Но чтобы от страхов перейти к агрессии, нужно было совершить качественный скачок — из опасения перед международными осложнениями и чешским вооруженным сопротивлением подобной агрессии. Решение должно было принять советское Политбюро, и прежде всего пятеро его ключевых членов — Генеральный секретарь Леонид Брежнев, Председатель Совета Министров Косыгин, Председатель Президиума Верховного Совета Николай Подгорный, главный идеолог Михаил Суслов и Шелест. Поначалу в ядре партии произошел раскол по вопросу, какой именно курс действий следует избрать. Косыгин и, как ни странно, бескомпромиссный Суслов настаивали на осмотрительности. Шелест же был сильным и, вероятно, первым сторонником вооруженной интервенции. Брежнев колебался.
В результате влияние на окончательное решение оказала информация, поступавшая в Политбюро из КГБ и ГРУ. Причем имеются признаки, что сведения, которыми располагали верховные стратеги, были далеко не объективны. После восхождения Дубчека к власти регулярность операций КГБ и ГРУ в Чехословакии снизилась в результате увольнения от 80 до 100 агентов КГБ, служивших в чешском Министерстве внутренних дел. Сотрудники ГРУ в чешской армии тоже были уволены.
В отсутствие этих источников советское руководство и спецслужбы полагались лишь на тревожные донесения, поступавшие от вождей Восточной Германии и Польши — Вальтера Ульбрихта и Владислава Гомулки; несомненно, из-за нехватки информации этим донесениям придавали куда большее значение, нежели они того заслуживали. Кроме того, пессимистические донесения слала чешская антиреформистская коалиция.
Поскольку многие из обычных каналов информации были перекрыты, советское руководство решило приостановить действие правила, возбранявшего шпионаж КГБ в восточноевропейских странах-сателлитах. Главный советник КГБ в Праге генерал Котов получил от начальника госбезопасности копии личных дел всех офицеров госбезопасности. Заместитель министра внутренних дел Вильям Сальговик был завербован КГБ. Еще один агент КГБ в Министерстве внутренних дел дал КГБ возможность прослушивать телефонные разговоры министерства. КГБ установил подслушивающие устройства в домах лидеров реформации. Изрядная часть полученных сведений была использована после вторжения при аресте офицеров госбезопасности и прочих лиц, сохранивших верность реформистскому режиму.

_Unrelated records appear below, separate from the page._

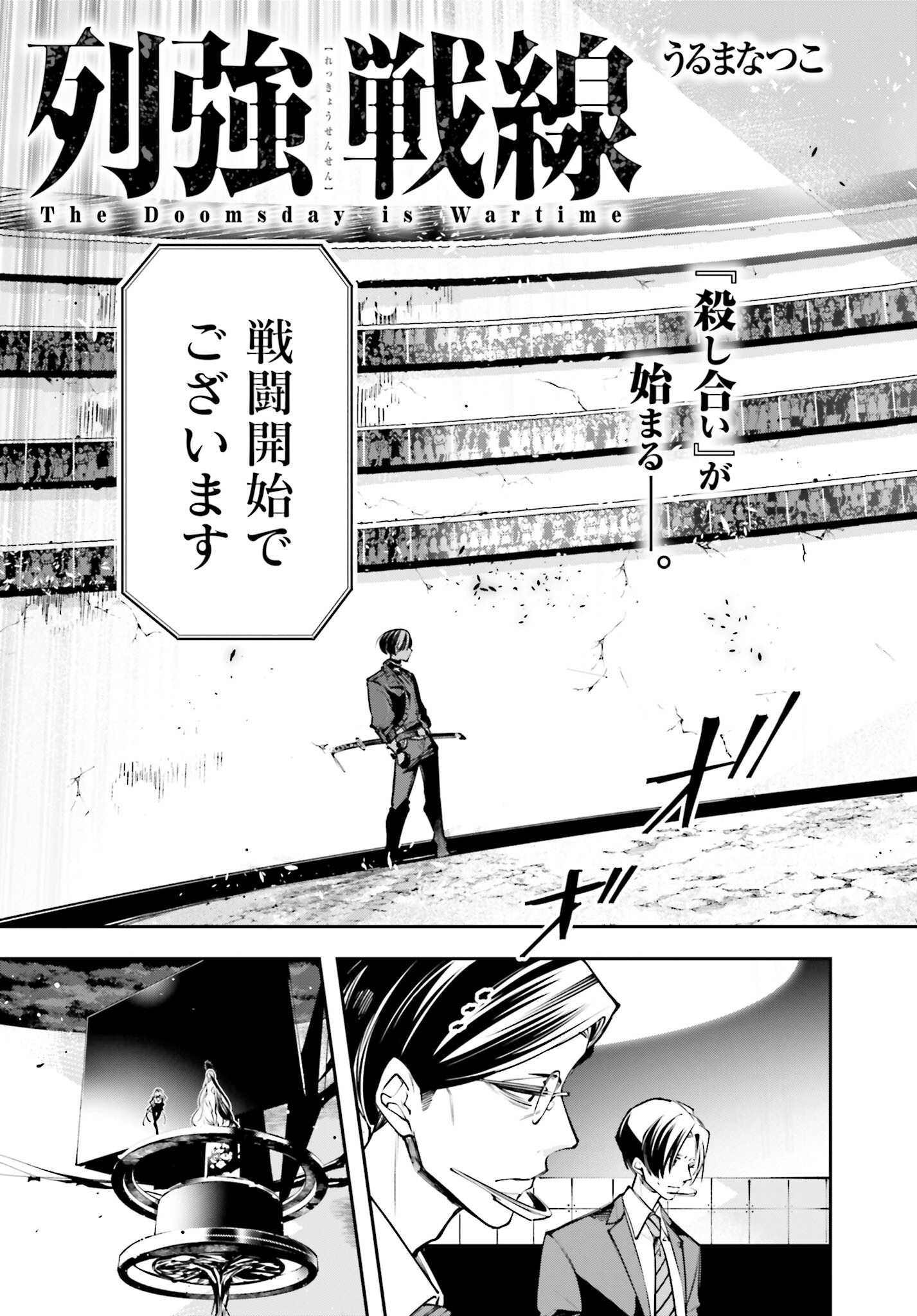 Rekkyou Sensen Chapter 1.2 page 5 - nihonkuni.com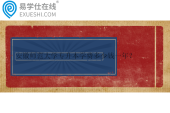安徽师范大学专升本学费多少钱一年？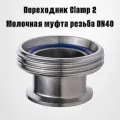 Переходник Clamp 2- штуцер молочной муфты резьбовой (DN 40)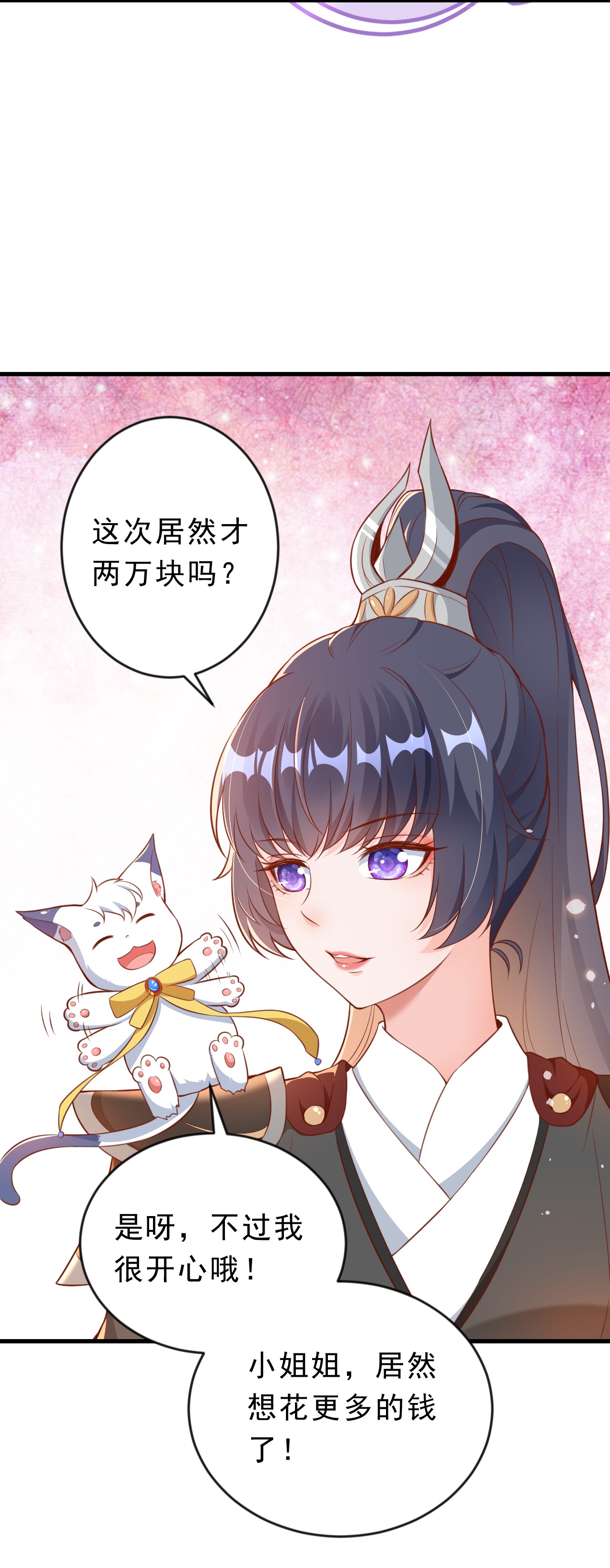 当大佬从花钱开始04 全民偶像——虽远必诛！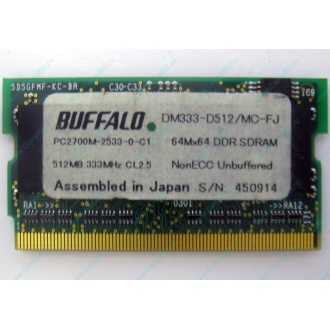 BUFFALO DM333-D512/MC-FJ 512MB DDR microDIMM 172pin (Екатеринбург)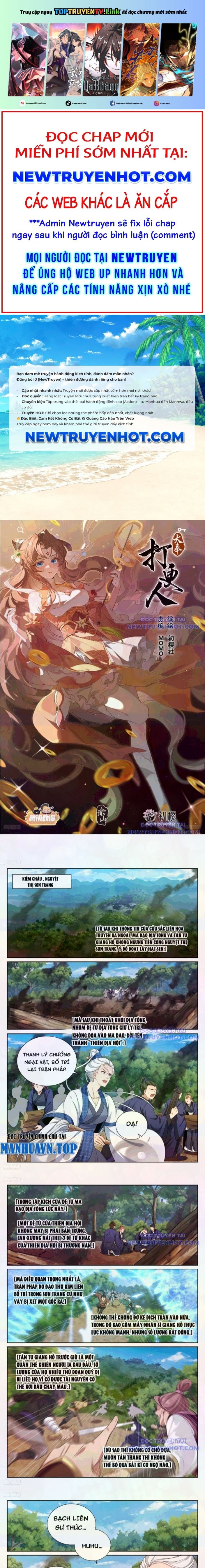 Chương 492 - Trang 1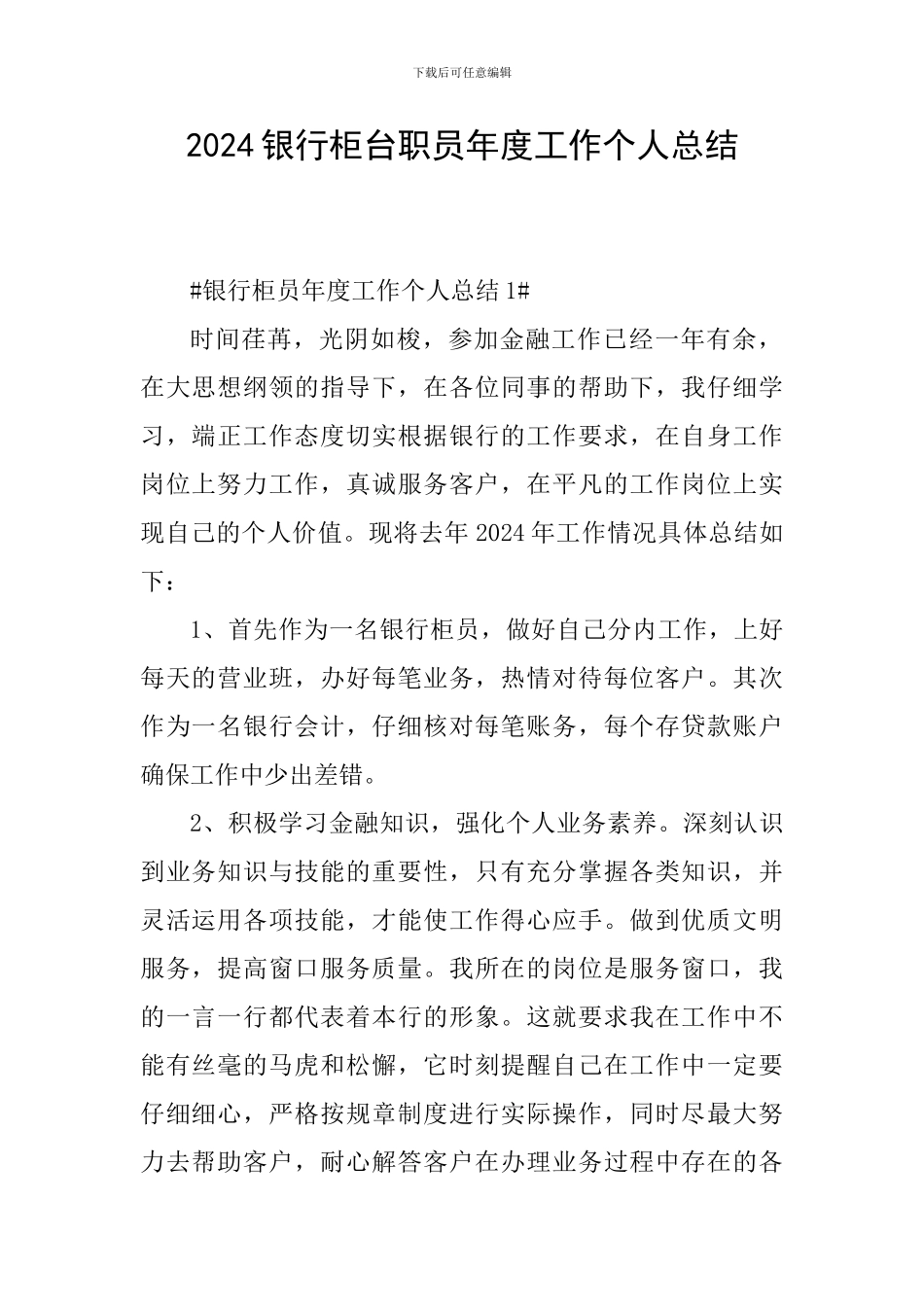 2024银行柜台职员年度工作个人总结_第1页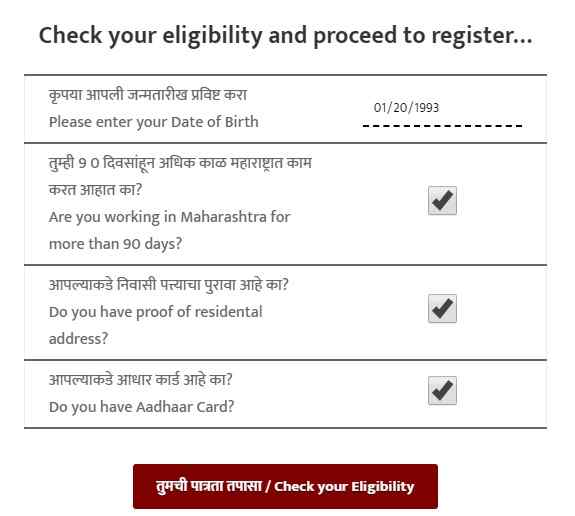 Kamgar Yojana Registration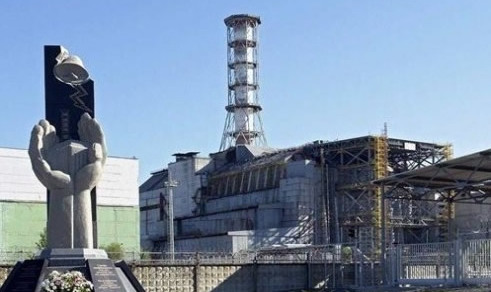 В результате такого масштабного исследования, очевидно, планируется установить, произошел ли всплеск заболеваемости после аварии.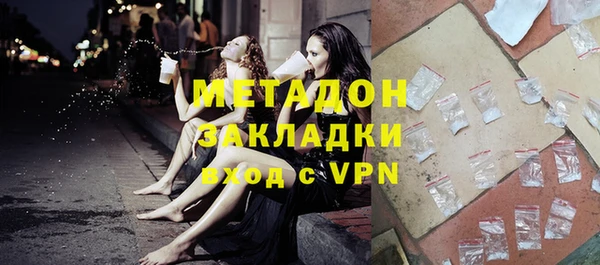 мдпв Сафоново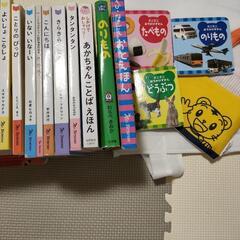 絵本の画像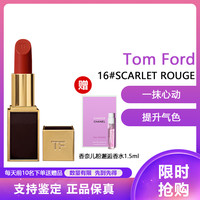 TOM FORD 汤姆·福特 汤姆福特 TF口红 黑管显色口红润唇膏3g 16#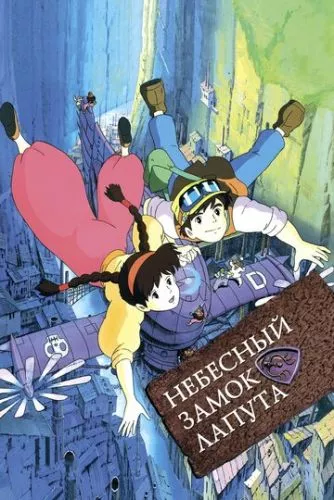 Небесний замок Лапута (1986)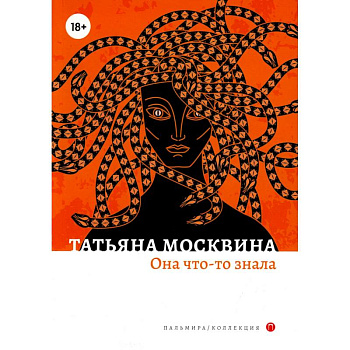 Она что-то знала Она что-то знала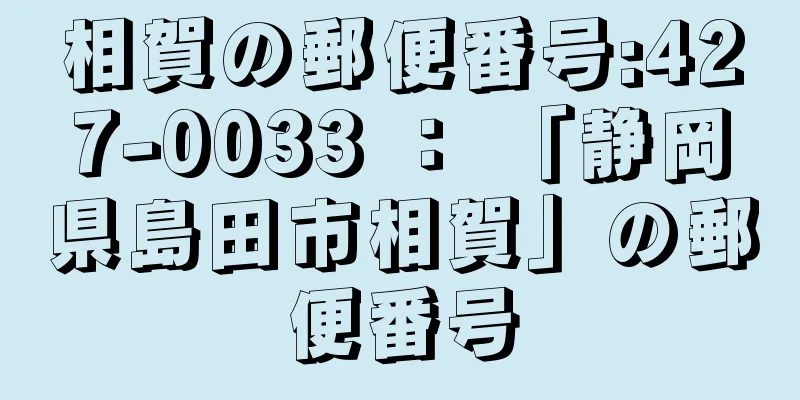 相賀の郵便番号:427-0033 ： 「静岡県島田市相賀」の郵便番号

КГБ также приказал тридцати нелегалам, действовавшим на Западе, отправиться в Чехословакию под видом туристов. Руководство комитета полагало, что чешские контрреволюционеры будут более откровенно излагать свои тайные планы в разговоре с индивидуумами, каковых считают представителями Запада, чем в разговорах с восточноевропейцами. Тем временем 8-е управление КГБ расшифровывало огромные объемы чехословацкой дипломатической корреспонденции.
Донесения, поступавшие от различных групп агентурных источников и руководства КГБ и ГРУ, делали упор на опасном курсе событий в Чехословакии. Тревожные донесения прибыли в виде подготовленного КГБ прогноза результатов съезда чехословацкой партии и меморандума двух ключевых антиреформистов — А. Индры и Д. Кольдера. Судя по всему, они поступили в Центральный Комитет 13–15 августа и были переданы в Политбюро как срочный материал. Бесспорно, сторонники военного вторжения использовали подобные донесения, чтобы укрепить свои позиции. В частности, анализ КГБ состава делегаций на 14-м Внеочередном съезде партии, а также донесения, переданные ведущими ортодоксальными чешскими коммунистами, поддерживали точку зрения советских агрессоров, что съезд приведет к поражению сторонников Советского Союза в Чехословакии.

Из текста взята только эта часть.